L'industrie éolienne s'inquiète que la ministre des Ressources naturelles, Martine Ouellet, remette en question l'octroi de 700 MW prévus dans la stratégie énergétique 2006-2015.

En marge du colloque de l'Association québécoise de la production d'énergie renouvelable, la ministre a indiqué que certains appels d'offres prévus pourraient ne pas se faire. «Il devra y avoir de nouveaux projets qui se réaliseront, mais nous sommes en train d'analyser l'ampleur, et comment les choses vont se dérouler», a-t-elle affirmé.

Selon la stratégie énergétique, 4000 MW devaient être commandés. Il en reste 700. «Pour qu'ils soient raccordés et mis en service d'ici 2015, il faut les annoncer maintenant», prévient Jean-François Samray, PDG de l'Association québécoise de production d'énergie renouvelable.

Les ministres responsables du Bas-Saint-Laurent et de la Gaspésie, Pascal Bérubé et Gaétan Lelièvre, ont déjà indiqué à leurs électeurs que les appels d'offres seront bientôt lancés. Mais la ministre Ouellet n'est pas certaine qu'elle commandera l'ensemble des 700 MW promis. La raison: à cause de la chute du prix de l'énergie et des surplus énergétiques, l'éolien est produit à perte. Hydro-Québec prévoit d'ailleurs que cela lui fera perdre 1,5 milliard d'ici 2020. C'est d'ailleurs «essentiellement» à cause de ces pertes que Mme Ouellet dit avoir mis fin au programme des minicentrales hydroélectriques.

L'éolien est encore plus déficitaire que les minicentrales. La ministre affirme toutefois que les deux filières ne se comparent pas. «On a créé une industrie manufacturière (des produits éoliens) au Québec. Je pense qu'il est important de la maintenir», insiste-t-elle.
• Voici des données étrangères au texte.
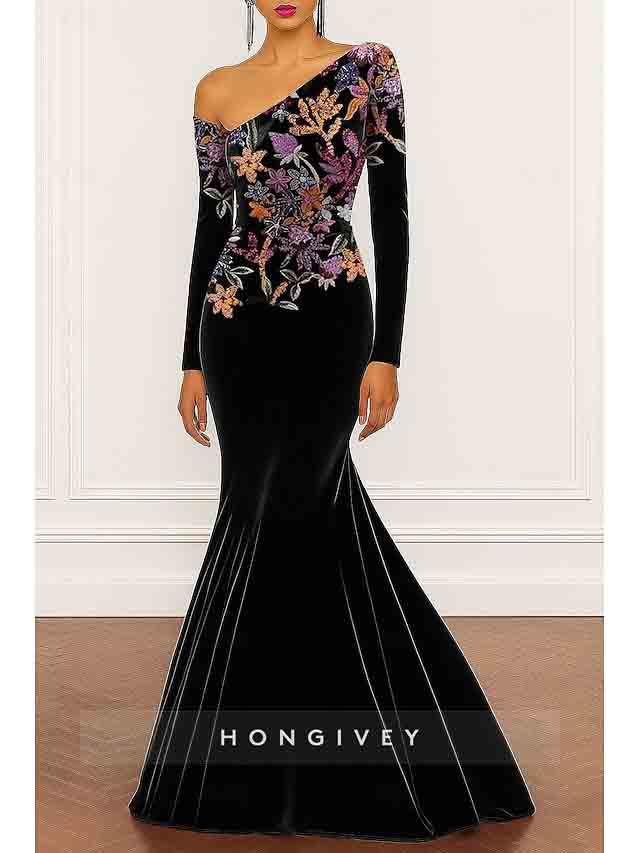 One Shoulder Mermaid Long Sleeve Appliqued Evening Dress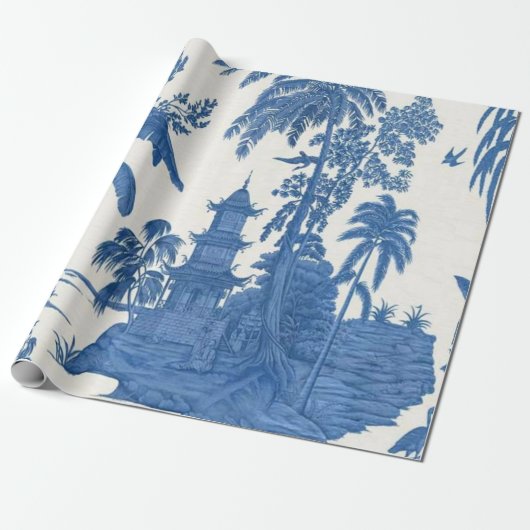 Blauw en Wit Chinees Chinoiserie Decoupage Cadeaupapier (Uitgerold)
Elle veut commander assez de mégawatts pour s'assurer que les manufacturiers de l'industrie éolienne au Québec obtiennent un carnet de commandes qui assurera leur santé financière, sans toutefois perdre plus d'argent que nécessaire avec cette filière. «Nous analysons pour voir quels seront les besoins additionnels nécessaires pour maintenir l'industrie manufacturière au Québec. (...) Nous allons travailler pour maintenir l'industrie manufacturière, parce que nous avons la profonde conviction que dans le futur, l'éolien fait partie de la solution. Mais nous avons une période de transition à traverser, qui est une période de surplus, et l'analyse sera dans ce sens-là», résume-t-elle.

En Ontario, l'industrie éolienne est déficitaire de 200 millions par année à cause de la chute des prix. Mme Ouellet n'était pas en mesure de chiffrer le coût pour le Québec. M. Samray juge réducteur de simplement comparer le coût de production au prix de vente. Il faut aussi comptabiliser la création d'emplois et les recettes fiscales. «Une étude de Secor (commandée par son association) a démontré que le secteur éolien rapporte 500 millions de dollars par année à l'économie du Québec», affirme-t-il. Selon cette étude, cette grappe industrielle crée aussi 5000 emplois.

Dans un communiqué alarmiste, l'Union des municipalités du Québec prévenait récemment que l'annulation des appels d'offres «résulterait des fermetures d'usines et la perte de milliers d'emplois un peu partout en province».